Peak Nun

The Saint Catharine Convent in Spring Lake

Many people have fond memories of being taught by nuns. When the Saint Catharine Spring Lake Convent on Essex Ave. was built in 1961, it was the golden age of the American Catholic nun. In 1962, the sisters moved into their new residence from a private house behind Saint Margaret's church. The three-story residence had room for 18 nuns. They were members of the Sisters of St. Joseph of Chestnut Hill, Philadelphia, and had been teaching at Saint Rose in Belmar since 1921. 

In 1931, after the construction of St. Margaret’s church on 3rd Avenue, 25 students were taught by two St. Joseph sisters in the church basement.
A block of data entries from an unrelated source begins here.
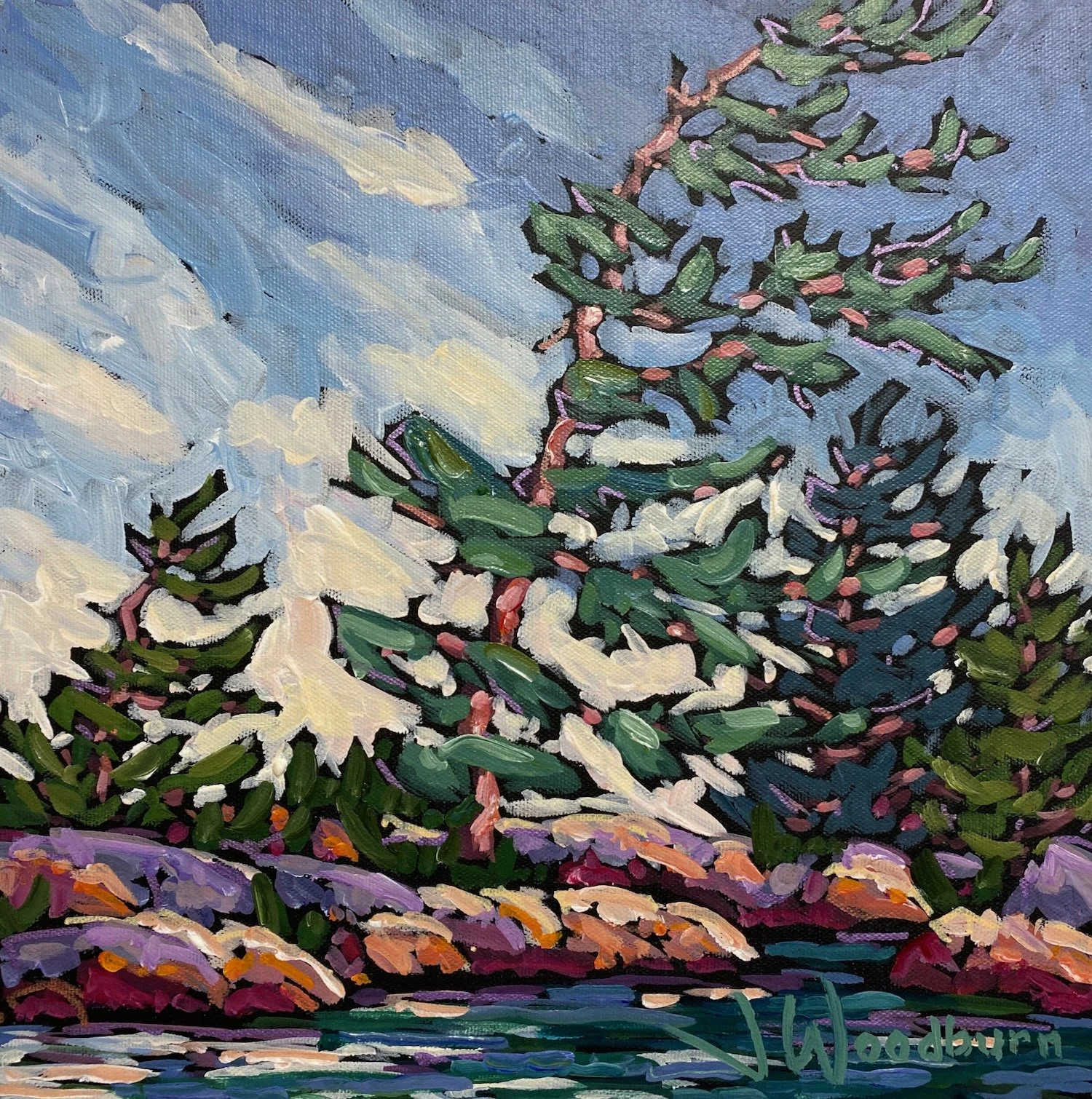 Windswept Shore Study 12"x12" Acrylic on Canvas, Autumn Art Sale at McMichael Gallery $325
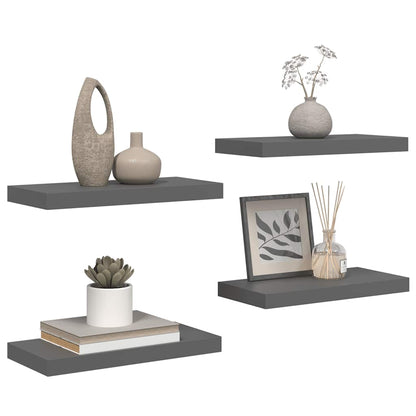 Floating Wall Shelves 4 pcs High Gloss Grey 50x23.5x3.8 cm MDF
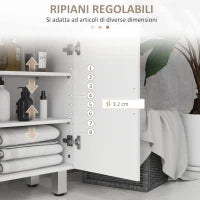 kleankin Mobile Bagno con 2 Cassetti e Armadietto con Ripiano Regolabile, in Legno, 60x30x93 cm, Bianco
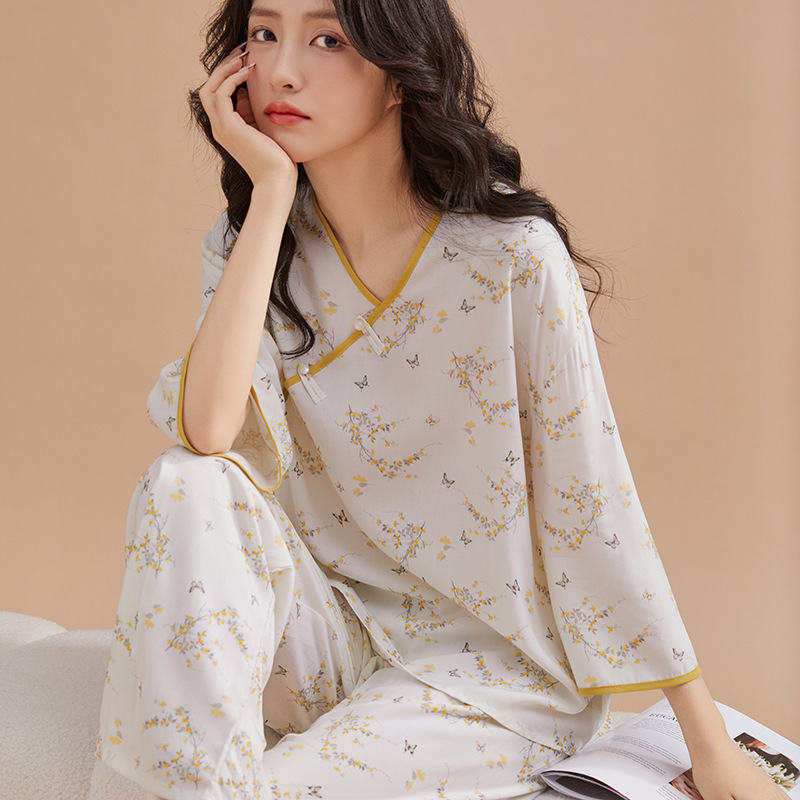 B879-Pajamas for women, spring, summer and autumn, new cotton silk buttoned three-quarter sleeve trousers, sweet American style home clothes suit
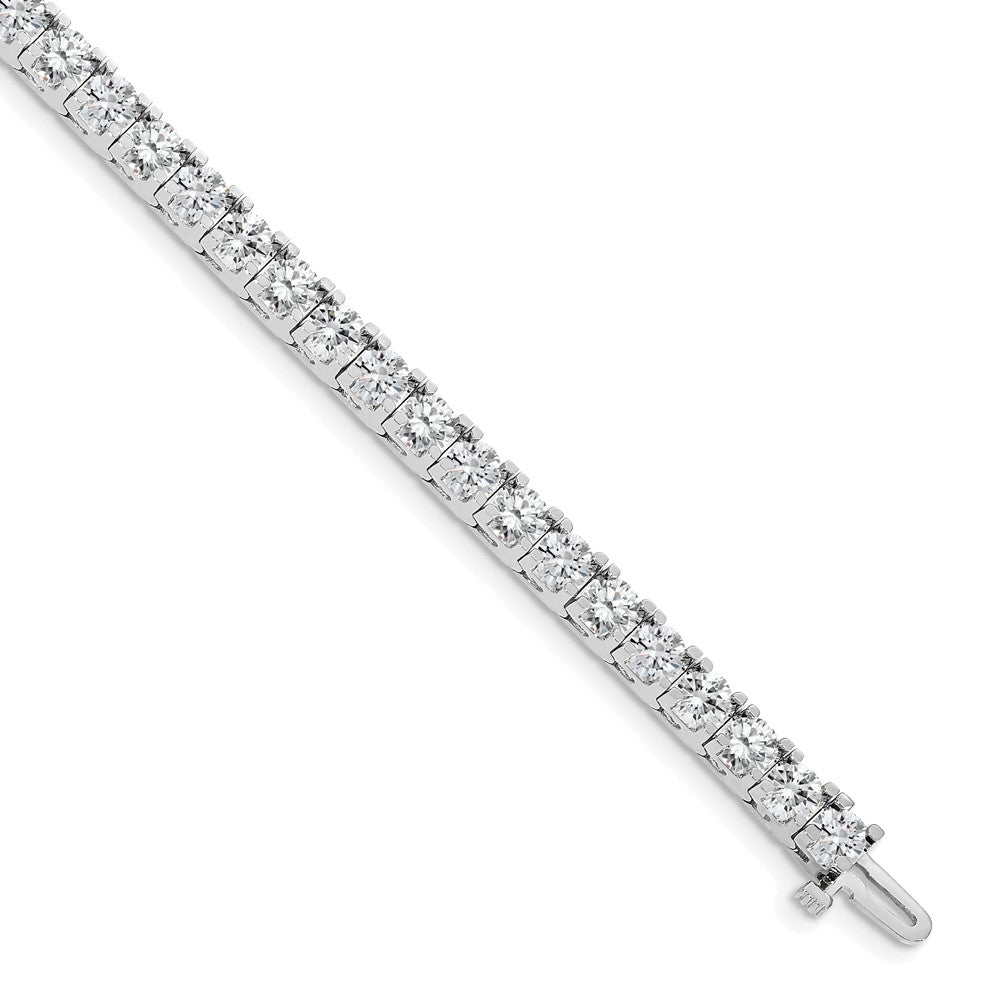 14k White Gold Complete 12.5 carat Round AAA Diamond 4-prong 7 inch Tennis Bracelet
With enrollment soaring, in 1951, Saint Catharine’s Spring Lake School was built with 10 classrooms between Second and Third Avenues, from Pennsylvania to Salem Avenues, for its 400 students. By 1960, the capacity was doubled for the 1,000 students under the tutelage of the sisters. 

The Sound of Music invited people into the Abbey -20th Century Fox

It was a 50-year trend of increasing numbers of young women giving their lives in service and devotion to the church. American nuns numbered 50,000 around 1900. The great depression, two world wars, and the post-war baby boom swelled the ranks of religious women to a peak of 185,000. Lack of public safety nets saw widespread poverty and people in need, and the sisters filled in many gaps.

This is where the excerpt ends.